Could we finally be leaving Mayor Bloomberg’s Gilded City behind? In the introduction to our special issue about the Gilded City last year, we quoted James Parrott, chief economist of the Fiscal Policy Institute in New York, as saying, “New York City’s government is significant enough in its breadth…that the policy tools exist and the wherewithal exists to do something at the margins to lessen inequality.” De Blasio recognizes this. He also recognizes that he serves at the pleasure of the people—all 8.3 million of them—and that his mandate encompasses all of them.

A city in which white people, who make up 37 percent of the population, but earn 51 percent of the income—and where African-Americans and Latinos, who constitute 47 percent of the population, yet take home only 34 percent of the income—keeps its fingers crossed when it calls itself “great.” So does a city that, during the Bloomberg administration, denied shelter to record numbers of homeless individuals and families.

As De Blasio’s term unfolds and as his budget takes actual shape, the city government will work provide both real and symbolic results for the people, an upgrade from too many years of relying solely on the symbolic.

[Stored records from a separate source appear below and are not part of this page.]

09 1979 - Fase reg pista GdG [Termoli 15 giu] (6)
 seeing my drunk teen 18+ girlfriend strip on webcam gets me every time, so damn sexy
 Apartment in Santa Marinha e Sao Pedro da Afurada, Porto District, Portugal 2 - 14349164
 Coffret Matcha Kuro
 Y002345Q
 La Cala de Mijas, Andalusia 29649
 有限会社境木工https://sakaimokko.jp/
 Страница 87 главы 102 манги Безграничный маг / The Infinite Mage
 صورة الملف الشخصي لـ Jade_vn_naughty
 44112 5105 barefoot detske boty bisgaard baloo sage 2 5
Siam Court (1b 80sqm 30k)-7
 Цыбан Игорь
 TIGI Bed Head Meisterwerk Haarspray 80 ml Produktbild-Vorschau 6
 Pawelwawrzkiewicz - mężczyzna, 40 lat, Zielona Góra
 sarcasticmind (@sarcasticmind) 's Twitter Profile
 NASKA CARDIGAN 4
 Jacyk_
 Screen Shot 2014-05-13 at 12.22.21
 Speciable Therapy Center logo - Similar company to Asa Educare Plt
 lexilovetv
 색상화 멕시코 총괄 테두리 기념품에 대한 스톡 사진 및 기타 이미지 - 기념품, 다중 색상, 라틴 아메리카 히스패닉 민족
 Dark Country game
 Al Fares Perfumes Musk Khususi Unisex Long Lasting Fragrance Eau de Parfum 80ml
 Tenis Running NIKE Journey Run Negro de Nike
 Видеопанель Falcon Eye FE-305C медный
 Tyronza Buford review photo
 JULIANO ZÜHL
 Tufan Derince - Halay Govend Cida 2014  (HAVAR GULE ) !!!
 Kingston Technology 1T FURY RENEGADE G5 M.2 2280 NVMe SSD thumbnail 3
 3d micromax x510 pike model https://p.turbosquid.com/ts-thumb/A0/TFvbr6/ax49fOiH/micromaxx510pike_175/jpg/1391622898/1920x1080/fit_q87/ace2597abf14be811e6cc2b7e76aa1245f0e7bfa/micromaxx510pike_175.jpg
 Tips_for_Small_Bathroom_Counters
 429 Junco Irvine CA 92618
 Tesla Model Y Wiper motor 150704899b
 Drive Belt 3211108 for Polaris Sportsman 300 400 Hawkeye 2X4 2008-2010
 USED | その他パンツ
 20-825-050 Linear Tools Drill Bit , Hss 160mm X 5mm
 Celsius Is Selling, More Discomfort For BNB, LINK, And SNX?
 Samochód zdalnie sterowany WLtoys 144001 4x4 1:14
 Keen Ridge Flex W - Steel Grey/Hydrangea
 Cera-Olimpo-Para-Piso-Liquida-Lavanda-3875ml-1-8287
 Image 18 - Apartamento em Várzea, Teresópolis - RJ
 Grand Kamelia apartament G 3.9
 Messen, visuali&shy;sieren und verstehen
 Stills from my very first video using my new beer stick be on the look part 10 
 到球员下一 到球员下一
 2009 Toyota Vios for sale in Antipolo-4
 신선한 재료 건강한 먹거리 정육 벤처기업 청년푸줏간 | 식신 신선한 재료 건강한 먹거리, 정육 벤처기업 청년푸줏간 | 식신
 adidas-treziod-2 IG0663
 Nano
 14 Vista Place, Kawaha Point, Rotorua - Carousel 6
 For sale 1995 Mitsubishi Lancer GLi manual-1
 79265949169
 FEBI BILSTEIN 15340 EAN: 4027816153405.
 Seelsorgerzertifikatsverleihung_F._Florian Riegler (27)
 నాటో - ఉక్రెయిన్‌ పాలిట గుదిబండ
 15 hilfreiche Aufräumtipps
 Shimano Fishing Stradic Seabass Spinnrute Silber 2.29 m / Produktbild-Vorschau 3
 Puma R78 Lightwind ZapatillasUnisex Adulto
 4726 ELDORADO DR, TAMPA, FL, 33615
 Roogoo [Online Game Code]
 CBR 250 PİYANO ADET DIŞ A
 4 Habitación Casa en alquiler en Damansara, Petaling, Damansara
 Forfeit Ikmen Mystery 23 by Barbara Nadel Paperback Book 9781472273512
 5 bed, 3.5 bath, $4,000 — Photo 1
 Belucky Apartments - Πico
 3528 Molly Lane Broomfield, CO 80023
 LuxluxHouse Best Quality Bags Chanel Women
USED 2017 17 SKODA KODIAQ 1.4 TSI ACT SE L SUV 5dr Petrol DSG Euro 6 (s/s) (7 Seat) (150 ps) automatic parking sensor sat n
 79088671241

To see just how potent this new brand of progressivism has become, just look at the scene from the recent sixteenth birthday party of New York’s Working Families Party—which de Blasio helped found. In a speech, honoree Cynthia Nixon announced, “We’re at the beginning of a great progressive era in New York City… Bill de Blasio, [public advocate] Letitia James, [city council speaker] Melissa Mark-Viverito. That is a holy trinity if I ever heard of one. We’ve had so many victories lately, and I feel that if we keep working, we have so many more coming.”

It’s said that the ideas behind New Deal were invented, developed, and tested in New York City in the 1910s and ’20s before going national under FDR. Behind De Blasio and WFP’s “holy trinity,” perhaps the New New Deal can start here, too.